- Required action
The required result is one figure, the count of lines below with the string "libre" in them.

- Entries shown
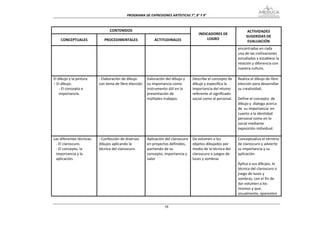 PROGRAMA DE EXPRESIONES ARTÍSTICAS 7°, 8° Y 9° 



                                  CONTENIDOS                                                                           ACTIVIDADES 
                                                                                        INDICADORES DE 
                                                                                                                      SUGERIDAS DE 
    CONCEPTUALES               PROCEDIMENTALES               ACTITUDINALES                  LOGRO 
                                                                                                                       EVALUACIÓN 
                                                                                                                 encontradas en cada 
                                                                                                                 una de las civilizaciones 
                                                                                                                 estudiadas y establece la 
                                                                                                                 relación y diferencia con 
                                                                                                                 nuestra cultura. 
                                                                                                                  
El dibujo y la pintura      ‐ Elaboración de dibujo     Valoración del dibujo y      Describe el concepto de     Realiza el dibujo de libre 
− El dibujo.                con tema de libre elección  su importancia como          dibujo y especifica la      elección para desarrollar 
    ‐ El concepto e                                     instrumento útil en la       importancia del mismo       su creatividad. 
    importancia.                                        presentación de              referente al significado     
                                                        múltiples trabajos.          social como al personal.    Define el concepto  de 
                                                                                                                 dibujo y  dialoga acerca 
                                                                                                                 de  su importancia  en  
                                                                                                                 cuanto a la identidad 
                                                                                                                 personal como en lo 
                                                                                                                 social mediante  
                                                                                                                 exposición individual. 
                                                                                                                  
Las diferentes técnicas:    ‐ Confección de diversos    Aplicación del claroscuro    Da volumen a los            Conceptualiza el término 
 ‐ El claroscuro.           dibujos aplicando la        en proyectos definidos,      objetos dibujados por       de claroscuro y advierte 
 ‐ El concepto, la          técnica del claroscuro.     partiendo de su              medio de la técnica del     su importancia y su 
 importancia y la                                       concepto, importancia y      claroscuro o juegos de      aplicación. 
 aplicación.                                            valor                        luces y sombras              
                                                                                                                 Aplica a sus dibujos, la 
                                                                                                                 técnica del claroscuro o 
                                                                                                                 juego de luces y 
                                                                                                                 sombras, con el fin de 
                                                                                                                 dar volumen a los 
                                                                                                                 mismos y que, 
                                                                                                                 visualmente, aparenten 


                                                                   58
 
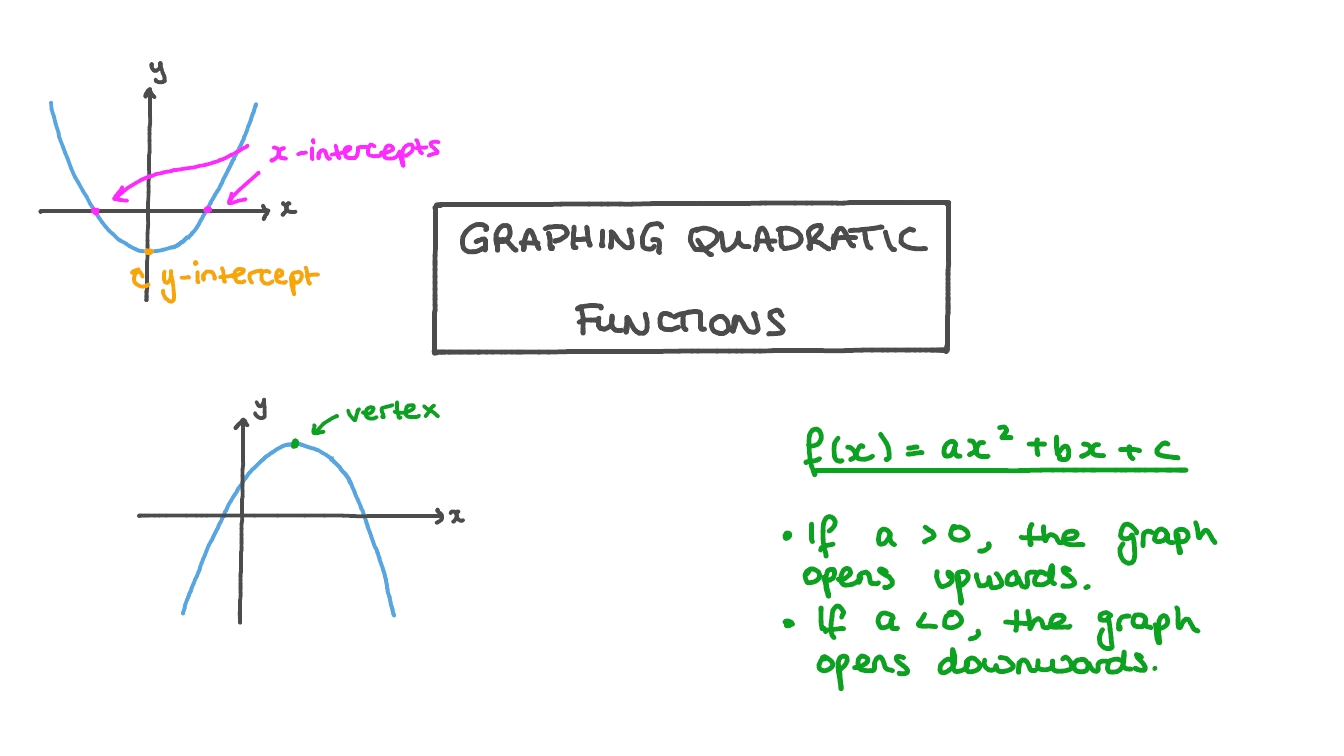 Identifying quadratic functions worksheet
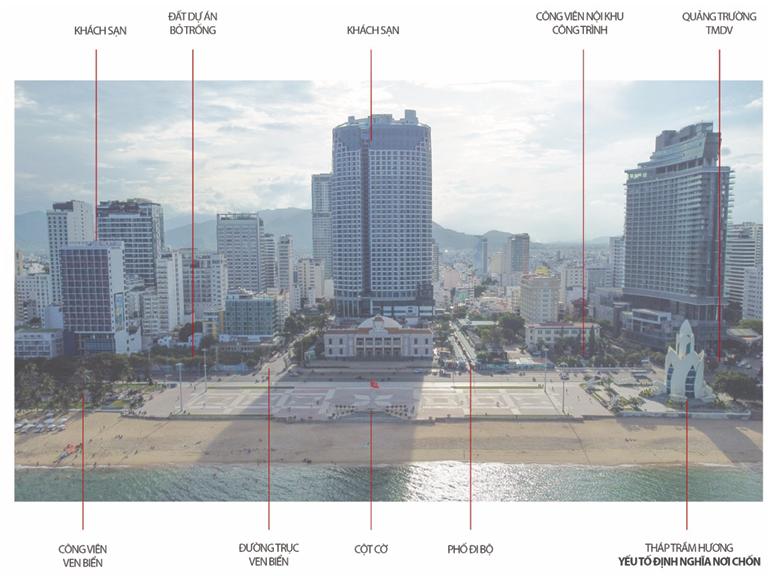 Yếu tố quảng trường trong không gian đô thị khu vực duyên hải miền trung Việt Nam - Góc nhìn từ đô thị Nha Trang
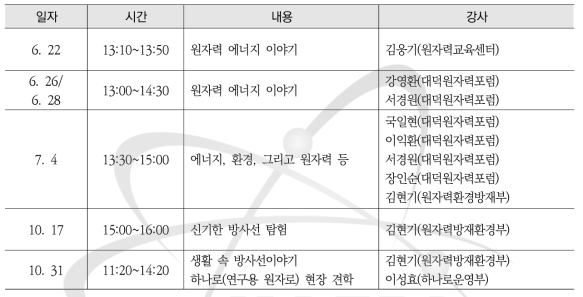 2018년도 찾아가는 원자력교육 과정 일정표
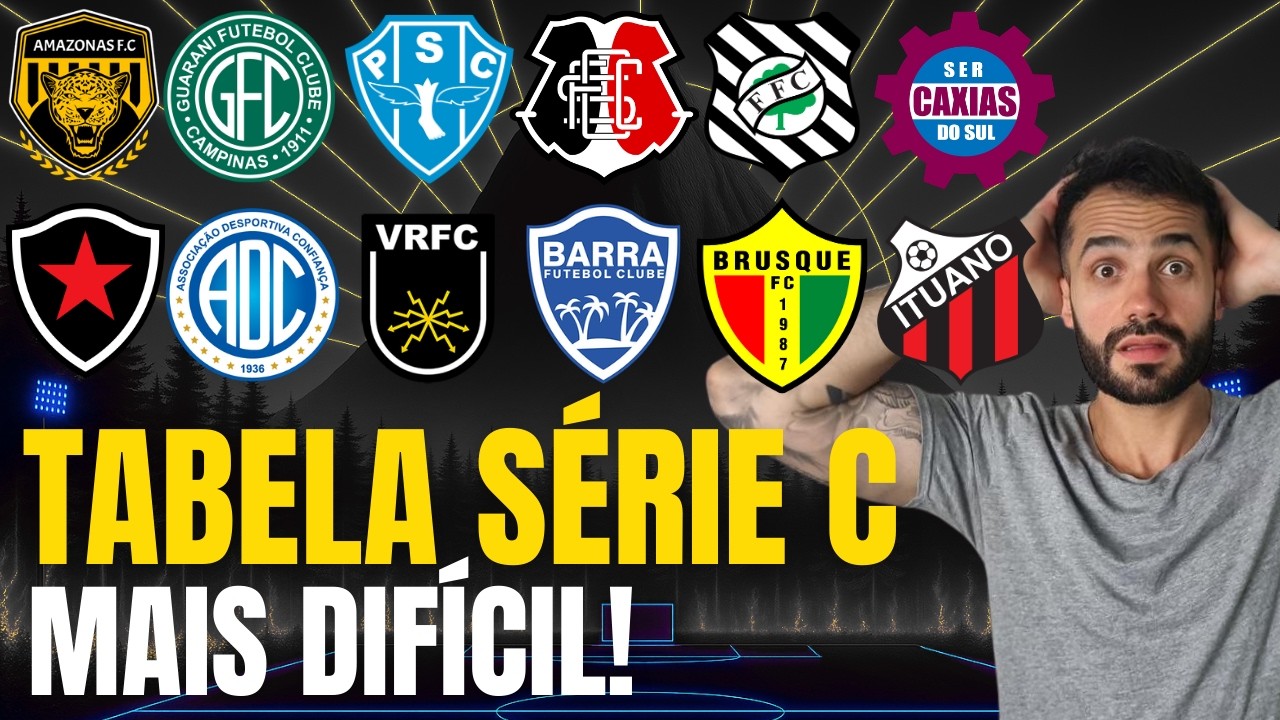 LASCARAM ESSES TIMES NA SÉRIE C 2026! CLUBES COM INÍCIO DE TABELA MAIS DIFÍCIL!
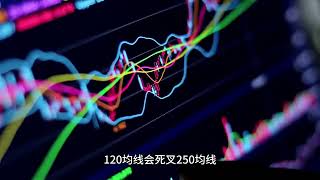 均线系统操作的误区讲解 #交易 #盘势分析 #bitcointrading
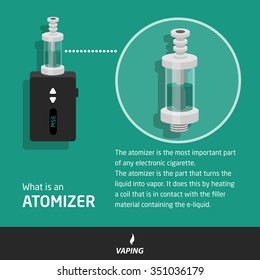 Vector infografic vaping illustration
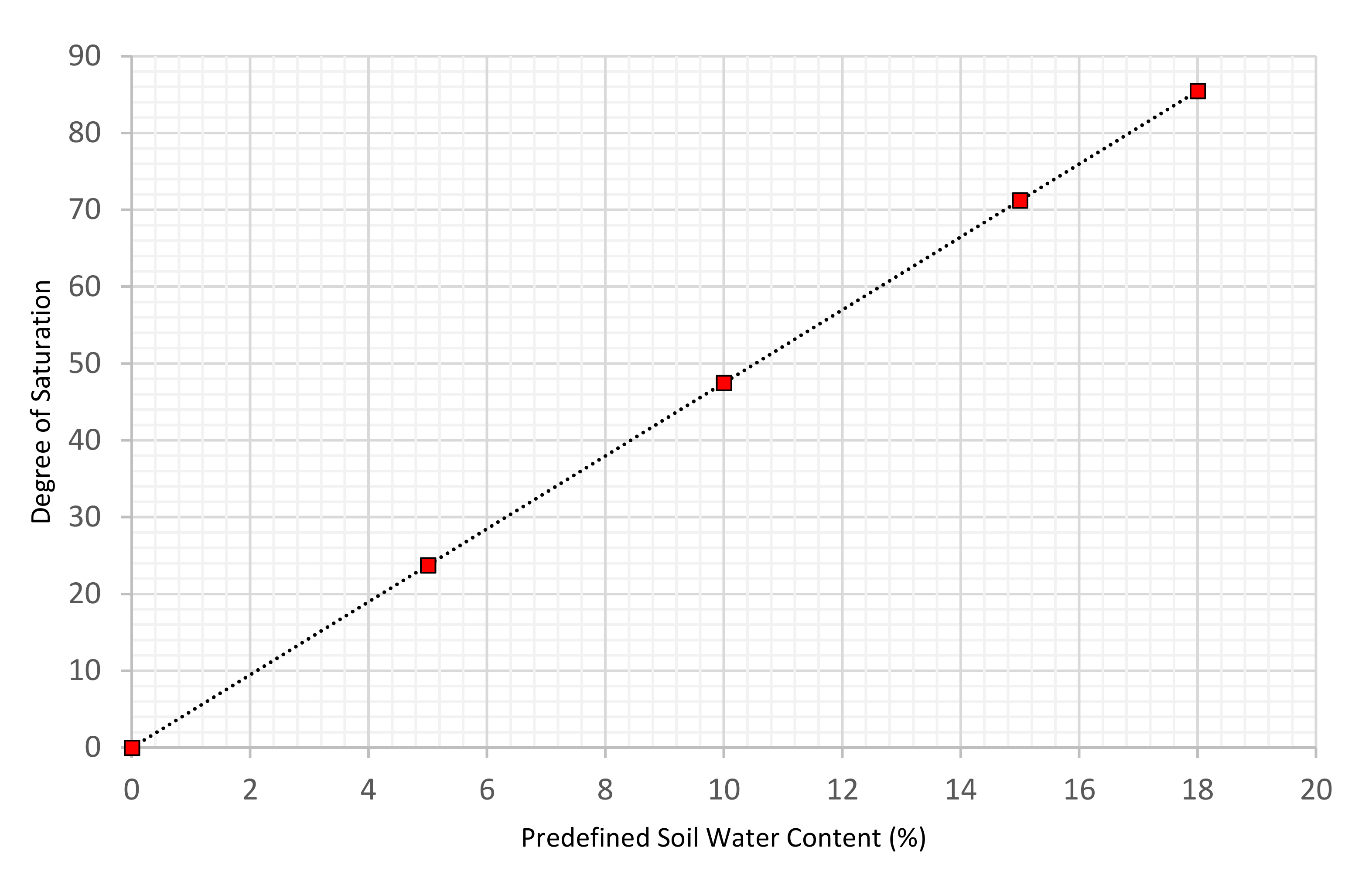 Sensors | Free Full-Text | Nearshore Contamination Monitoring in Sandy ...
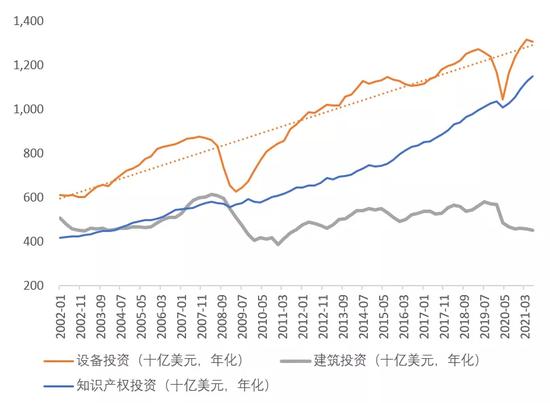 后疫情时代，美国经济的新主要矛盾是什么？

- Answer area
2